**** DATASET SECTION
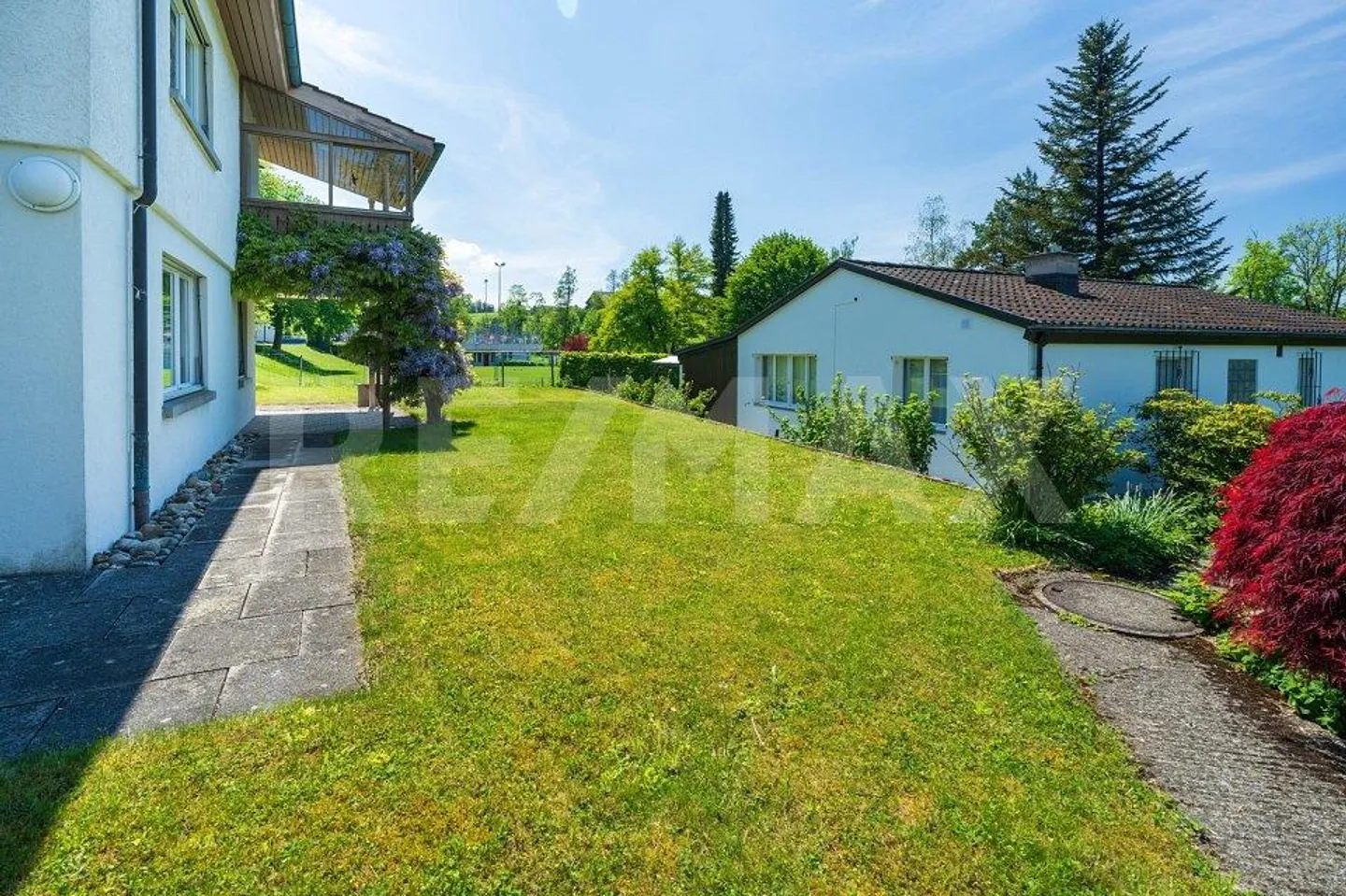 746m² Building Land with Existing Property - Photo 6 of 8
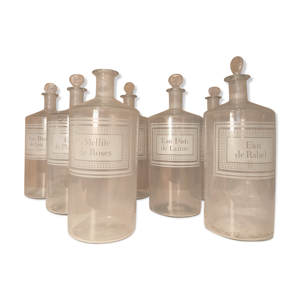 flacons vintage de pharmacie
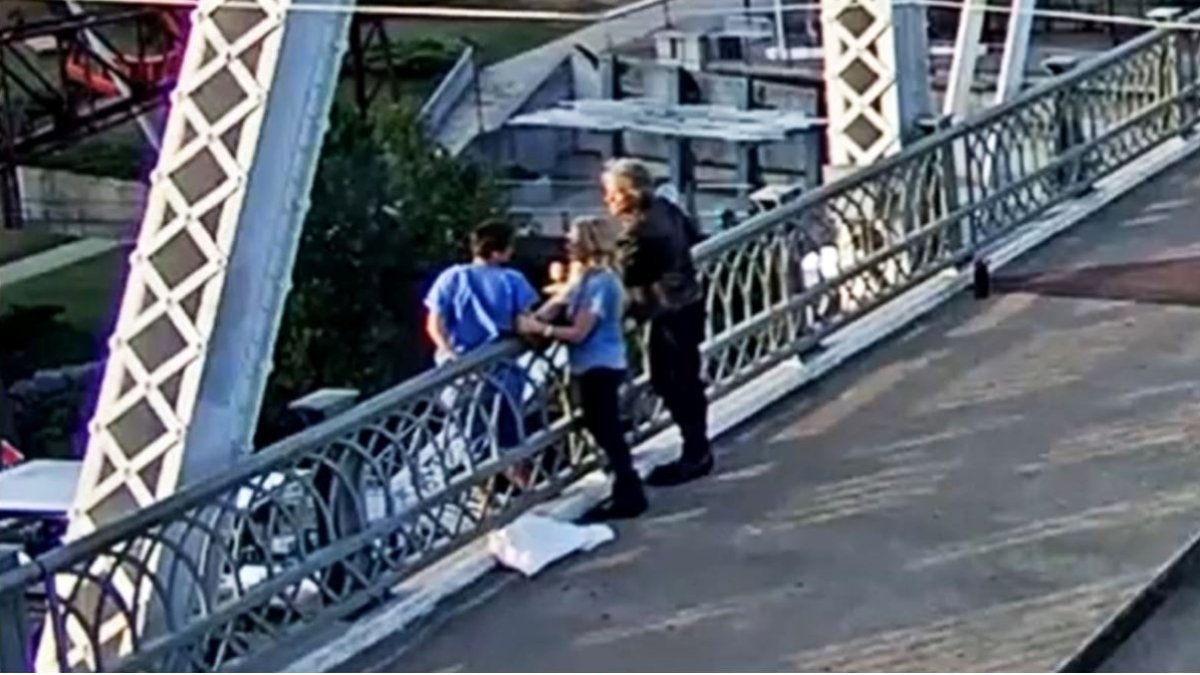 Bon Jovi, ayudando a una mujer en un puente de Nasville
********
• [PROBLEM TO WORK ON]:
Leave the pictures out and set down the rest of the listing above exactly.

• [FINISHED EXERCISE]:
 746m² Building Land with Existing Property - Photo 6 of 8
 flacons vintage de pharmacie
 Bon Jovi, ayudando a una mujer en un puente de Nasville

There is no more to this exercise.